The advocacy group just fired off letters to House and Senate Budget Committee leaders as “Reconciliation 2.0” talks heat up on Capitol Hill. Their message? Don’t even think about messing with credit unions’ tax-exempt status—a protection that’s been in place for decades and serves a very real purpose.
More Than Just Numbers on a Spreadsheet
Here’s what lawmakers need to understand: credit unions aren’t your typical financial institutions. They’re not-for-profit, member-owned cooperatives that actually return value to the people who use them. And for military families, federal employees, and veterans, they’ve become an essential financial lifeline.
Jason Stverak, DCUC’s Chief Advocacy Officer, laid out exactly what’s at stake if Congress decides to treat credit union tax status as a convenient piggy bank for budget offsets.
When Crisis Hits, Credit Unions Show Up
Remember those government shutdowns that left federal workers scrambling? Credit unions stepped in with real solutions:
- Zero-percent emergency loans (yes, actually 0%)
- Paycheck advances to cover the gap
- Fee waivers and loan deferrals
- On-base financial assistance for military families
This isn’t theoretical goodwill—it’s tangible support that keeps families afloat when paychecks disappear overnight. Change the tax structure, and you’re essentially kneecapping institutions that provide this kind of crisis response.
The “Loophole” That Isn’t
Stverak didn’t mince words about the tired argument that credit union tax exemption is somehow a loophole that needs closing.
“This tax status reflects the not-for-profit, member-owned structure of credit unions and allows these institutions to continue returning value directly to their members,” he explained. “The ‘loophole’ claim is a tired antic that mischaracterizes the long-standing purpose and recognition of the cooperative mission credit unions carry out across communities nationwide.”
Translation: calling this a loophole is either lazy thinking or deliberate misrepresentation. Credit unions got tax-exempt status because of what they are and how they operate, not through some accounting trick.
The Real-World Impact
Let’s talk numbers, because they matter here. According to the NCUA’s latest data, federally insured credit unions serve roughly 144.7 million members and hold about $2.43 trillion in assets. Within that ecosystem, defense-oriented credit unions alone serve over 40 million members and manage more than $525 billion in assets—including facilities overseas and on military bases.

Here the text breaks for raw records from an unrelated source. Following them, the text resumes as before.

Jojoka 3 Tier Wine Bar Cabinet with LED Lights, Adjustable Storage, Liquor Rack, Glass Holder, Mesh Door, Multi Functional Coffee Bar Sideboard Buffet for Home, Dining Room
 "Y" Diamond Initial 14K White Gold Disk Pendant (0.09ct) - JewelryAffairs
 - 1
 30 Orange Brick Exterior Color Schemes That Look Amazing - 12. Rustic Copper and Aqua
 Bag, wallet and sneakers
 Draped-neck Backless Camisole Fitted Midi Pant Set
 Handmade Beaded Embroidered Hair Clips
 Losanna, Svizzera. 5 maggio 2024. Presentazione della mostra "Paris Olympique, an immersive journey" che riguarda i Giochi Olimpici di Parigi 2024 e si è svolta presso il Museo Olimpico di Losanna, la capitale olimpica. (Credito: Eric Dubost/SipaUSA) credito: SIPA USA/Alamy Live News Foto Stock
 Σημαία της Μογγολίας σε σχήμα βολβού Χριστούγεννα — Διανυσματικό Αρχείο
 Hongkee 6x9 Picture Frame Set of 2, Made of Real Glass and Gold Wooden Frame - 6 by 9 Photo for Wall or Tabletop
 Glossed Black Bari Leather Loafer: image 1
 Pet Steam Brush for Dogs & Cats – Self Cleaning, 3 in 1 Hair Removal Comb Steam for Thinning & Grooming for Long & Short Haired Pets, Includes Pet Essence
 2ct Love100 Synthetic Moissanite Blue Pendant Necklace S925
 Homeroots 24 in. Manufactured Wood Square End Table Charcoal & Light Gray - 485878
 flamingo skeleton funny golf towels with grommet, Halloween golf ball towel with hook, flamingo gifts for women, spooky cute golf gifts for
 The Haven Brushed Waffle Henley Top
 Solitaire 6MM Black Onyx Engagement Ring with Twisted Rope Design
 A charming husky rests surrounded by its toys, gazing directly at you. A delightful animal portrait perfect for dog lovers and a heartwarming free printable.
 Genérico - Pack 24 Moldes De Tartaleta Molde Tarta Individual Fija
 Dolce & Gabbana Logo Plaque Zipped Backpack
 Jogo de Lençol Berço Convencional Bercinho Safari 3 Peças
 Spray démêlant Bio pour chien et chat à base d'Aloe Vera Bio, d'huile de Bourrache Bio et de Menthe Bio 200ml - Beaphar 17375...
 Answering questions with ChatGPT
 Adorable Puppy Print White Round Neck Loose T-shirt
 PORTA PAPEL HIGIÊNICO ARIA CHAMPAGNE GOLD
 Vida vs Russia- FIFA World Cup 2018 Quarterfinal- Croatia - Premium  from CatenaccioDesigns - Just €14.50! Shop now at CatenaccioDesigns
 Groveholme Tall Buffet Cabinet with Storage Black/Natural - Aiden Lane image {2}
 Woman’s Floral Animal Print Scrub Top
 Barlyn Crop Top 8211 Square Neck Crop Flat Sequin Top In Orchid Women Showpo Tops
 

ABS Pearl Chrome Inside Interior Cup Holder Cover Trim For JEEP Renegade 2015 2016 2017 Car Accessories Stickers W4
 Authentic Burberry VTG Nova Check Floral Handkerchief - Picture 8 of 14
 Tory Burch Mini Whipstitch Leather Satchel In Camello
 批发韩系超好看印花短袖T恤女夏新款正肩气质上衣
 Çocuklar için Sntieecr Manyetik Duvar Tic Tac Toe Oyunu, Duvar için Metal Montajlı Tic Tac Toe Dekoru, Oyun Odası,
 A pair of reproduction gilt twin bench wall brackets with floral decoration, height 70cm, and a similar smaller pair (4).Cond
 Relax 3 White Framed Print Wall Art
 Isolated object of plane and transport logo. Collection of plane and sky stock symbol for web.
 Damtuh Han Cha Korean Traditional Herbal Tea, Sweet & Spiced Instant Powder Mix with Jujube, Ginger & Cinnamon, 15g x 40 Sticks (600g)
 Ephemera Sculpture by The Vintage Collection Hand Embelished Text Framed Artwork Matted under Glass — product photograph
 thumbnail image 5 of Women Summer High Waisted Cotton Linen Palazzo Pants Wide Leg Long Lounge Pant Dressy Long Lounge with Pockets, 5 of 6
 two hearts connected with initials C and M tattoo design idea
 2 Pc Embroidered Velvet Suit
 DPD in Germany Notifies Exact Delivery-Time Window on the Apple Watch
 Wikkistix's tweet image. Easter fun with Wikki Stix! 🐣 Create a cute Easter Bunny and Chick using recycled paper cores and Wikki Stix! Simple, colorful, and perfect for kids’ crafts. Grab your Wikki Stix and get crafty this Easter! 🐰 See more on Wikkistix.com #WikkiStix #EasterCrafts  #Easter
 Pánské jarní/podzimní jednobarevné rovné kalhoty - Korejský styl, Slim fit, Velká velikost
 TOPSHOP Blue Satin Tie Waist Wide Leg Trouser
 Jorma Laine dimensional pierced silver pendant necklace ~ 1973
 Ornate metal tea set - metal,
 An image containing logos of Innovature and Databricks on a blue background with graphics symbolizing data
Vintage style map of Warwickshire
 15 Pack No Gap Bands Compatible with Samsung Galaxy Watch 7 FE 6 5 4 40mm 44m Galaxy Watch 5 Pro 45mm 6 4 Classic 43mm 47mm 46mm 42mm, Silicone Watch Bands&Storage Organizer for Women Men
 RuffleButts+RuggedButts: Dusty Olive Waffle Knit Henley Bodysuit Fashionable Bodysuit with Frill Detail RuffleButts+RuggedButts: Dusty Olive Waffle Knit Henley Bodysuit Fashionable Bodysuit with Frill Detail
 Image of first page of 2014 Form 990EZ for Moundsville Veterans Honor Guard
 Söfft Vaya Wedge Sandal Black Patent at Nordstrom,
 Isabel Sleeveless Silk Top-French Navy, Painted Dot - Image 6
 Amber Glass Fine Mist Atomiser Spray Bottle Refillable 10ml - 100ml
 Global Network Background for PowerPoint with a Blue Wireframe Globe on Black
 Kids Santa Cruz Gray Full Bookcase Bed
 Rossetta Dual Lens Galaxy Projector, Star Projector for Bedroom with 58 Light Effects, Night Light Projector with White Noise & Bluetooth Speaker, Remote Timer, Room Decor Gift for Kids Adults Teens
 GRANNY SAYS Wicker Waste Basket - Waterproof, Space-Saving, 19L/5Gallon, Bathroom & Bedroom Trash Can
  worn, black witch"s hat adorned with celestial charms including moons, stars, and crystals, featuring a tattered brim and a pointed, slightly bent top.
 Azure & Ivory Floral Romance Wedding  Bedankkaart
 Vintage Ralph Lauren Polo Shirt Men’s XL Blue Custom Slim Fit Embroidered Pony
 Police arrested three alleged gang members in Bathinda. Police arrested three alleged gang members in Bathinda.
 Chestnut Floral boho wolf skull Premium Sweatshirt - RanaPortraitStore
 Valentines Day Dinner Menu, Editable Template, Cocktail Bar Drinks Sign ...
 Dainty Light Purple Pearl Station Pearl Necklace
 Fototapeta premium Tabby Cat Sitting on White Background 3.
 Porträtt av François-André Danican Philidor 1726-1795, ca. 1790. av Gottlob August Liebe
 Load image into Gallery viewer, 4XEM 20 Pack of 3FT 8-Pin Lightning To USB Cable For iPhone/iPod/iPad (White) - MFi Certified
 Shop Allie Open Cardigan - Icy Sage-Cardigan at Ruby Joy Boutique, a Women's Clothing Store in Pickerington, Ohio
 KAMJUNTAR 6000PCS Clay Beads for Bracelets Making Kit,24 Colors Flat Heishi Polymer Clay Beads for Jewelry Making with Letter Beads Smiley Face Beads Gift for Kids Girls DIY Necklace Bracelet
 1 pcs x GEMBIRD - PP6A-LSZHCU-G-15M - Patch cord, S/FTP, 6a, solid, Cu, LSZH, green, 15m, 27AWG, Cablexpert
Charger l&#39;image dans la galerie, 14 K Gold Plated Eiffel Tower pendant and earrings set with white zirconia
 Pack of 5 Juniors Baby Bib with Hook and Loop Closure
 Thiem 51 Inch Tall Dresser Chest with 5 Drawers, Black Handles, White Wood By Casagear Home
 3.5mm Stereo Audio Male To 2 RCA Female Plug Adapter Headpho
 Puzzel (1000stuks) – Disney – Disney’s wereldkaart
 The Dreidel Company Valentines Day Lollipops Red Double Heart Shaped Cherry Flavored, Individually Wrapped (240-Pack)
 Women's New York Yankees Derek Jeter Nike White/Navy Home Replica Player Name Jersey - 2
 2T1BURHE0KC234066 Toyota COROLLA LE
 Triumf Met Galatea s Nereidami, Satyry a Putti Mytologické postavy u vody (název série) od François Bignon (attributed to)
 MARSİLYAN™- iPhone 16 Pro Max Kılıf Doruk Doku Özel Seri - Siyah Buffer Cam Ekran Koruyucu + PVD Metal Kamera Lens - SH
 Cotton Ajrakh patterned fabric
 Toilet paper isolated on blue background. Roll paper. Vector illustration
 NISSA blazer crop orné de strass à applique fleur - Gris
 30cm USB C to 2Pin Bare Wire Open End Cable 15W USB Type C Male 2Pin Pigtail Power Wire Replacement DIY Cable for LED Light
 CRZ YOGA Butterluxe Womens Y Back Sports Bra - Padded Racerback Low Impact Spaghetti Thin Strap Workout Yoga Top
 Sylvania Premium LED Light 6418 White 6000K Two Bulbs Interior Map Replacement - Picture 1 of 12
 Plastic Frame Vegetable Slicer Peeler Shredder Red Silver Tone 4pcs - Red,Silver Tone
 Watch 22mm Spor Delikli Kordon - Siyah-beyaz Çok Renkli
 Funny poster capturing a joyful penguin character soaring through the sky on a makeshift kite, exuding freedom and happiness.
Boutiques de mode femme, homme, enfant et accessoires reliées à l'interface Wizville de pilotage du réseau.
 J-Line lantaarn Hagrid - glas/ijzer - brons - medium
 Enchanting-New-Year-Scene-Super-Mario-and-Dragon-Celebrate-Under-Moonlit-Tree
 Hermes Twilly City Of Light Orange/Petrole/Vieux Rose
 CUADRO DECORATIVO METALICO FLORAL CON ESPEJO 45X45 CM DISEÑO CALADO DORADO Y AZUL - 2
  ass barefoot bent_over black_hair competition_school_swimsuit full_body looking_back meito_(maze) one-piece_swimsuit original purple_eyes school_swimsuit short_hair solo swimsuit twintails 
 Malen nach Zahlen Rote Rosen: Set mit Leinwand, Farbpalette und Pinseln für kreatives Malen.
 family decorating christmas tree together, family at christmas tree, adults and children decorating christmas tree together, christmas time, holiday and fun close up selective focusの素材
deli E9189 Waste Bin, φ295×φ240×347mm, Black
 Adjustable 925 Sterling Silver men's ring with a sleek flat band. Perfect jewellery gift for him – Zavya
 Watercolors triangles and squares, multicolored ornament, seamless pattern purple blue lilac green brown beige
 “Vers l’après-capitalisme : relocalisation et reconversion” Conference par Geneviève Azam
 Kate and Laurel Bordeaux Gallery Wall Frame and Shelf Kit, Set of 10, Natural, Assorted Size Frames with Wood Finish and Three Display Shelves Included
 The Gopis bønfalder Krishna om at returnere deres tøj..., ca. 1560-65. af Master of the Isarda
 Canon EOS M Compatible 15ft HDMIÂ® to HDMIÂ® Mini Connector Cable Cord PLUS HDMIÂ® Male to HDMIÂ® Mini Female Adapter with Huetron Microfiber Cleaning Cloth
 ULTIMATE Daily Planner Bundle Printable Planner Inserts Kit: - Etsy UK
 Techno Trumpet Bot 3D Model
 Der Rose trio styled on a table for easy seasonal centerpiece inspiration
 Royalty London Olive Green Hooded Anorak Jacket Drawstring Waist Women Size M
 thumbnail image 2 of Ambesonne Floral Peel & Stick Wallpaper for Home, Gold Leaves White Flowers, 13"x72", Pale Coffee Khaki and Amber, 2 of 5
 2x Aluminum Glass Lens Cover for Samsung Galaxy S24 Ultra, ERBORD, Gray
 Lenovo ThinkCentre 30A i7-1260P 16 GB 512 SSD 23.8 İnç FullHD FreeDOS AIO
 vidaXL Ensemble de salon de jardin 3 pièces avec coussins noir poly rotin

Treasury’s budget estimates peg the credit union tax exemption at around $2.48 billion for FY2025, ballooning to about $32.17 billion through FY2034. On a spreadsheet, that looks like an attractive offset. But as DCUC points out, even Treasury acknowledges these estimates don’t account for behavioral changes and economic ripple effects that would follow a policy shift.
In other words, you wouldn’t actually collect all that revenue if you eliminated the exemption. People and institutions adapt, often in ways that undermine the original budget projections.
A Mission-Driven Model Worth Protecting
Anthony Hernandez, DCUC’s President and CEO (and a retired U.S. Air Force Colonel), framed the issue in stark terms: “Credit unions are not just financial institutions—they are mission-driven partners in supporting the financial security of millions of Americans, including those who serve our country.”
He added that any move to alter their tax status “risks weakening a system that consistently steps up in times of crisis. Congress should be reinforcing these institutions, not considering policies that could limit their ability to serve members when it matters most.”
It’s a fair point. When banks pull out of less profitable markets or decline to offer services that don’t pencil out financially, credit unions often fill the gap. That community-focused approach works precisely because they’re not answering to shareholders demanding maximum returns.
The Door’s Open for Conversation
DCUC made clear they’re ready to brief congressional offices and provide detailed data on how tax status changes would affect constituents. That’s the right move—bringing facts and real-world impact stories to the table rather than just shouting from the sidelines.
As budget negotiations continue, lawmakers would do well to look beyond convenient revenue projections and consider what they’d actually be dismantling. Sometimes the systems that look expensive on paper deliver value that’s hard to quantify—until they’re gone.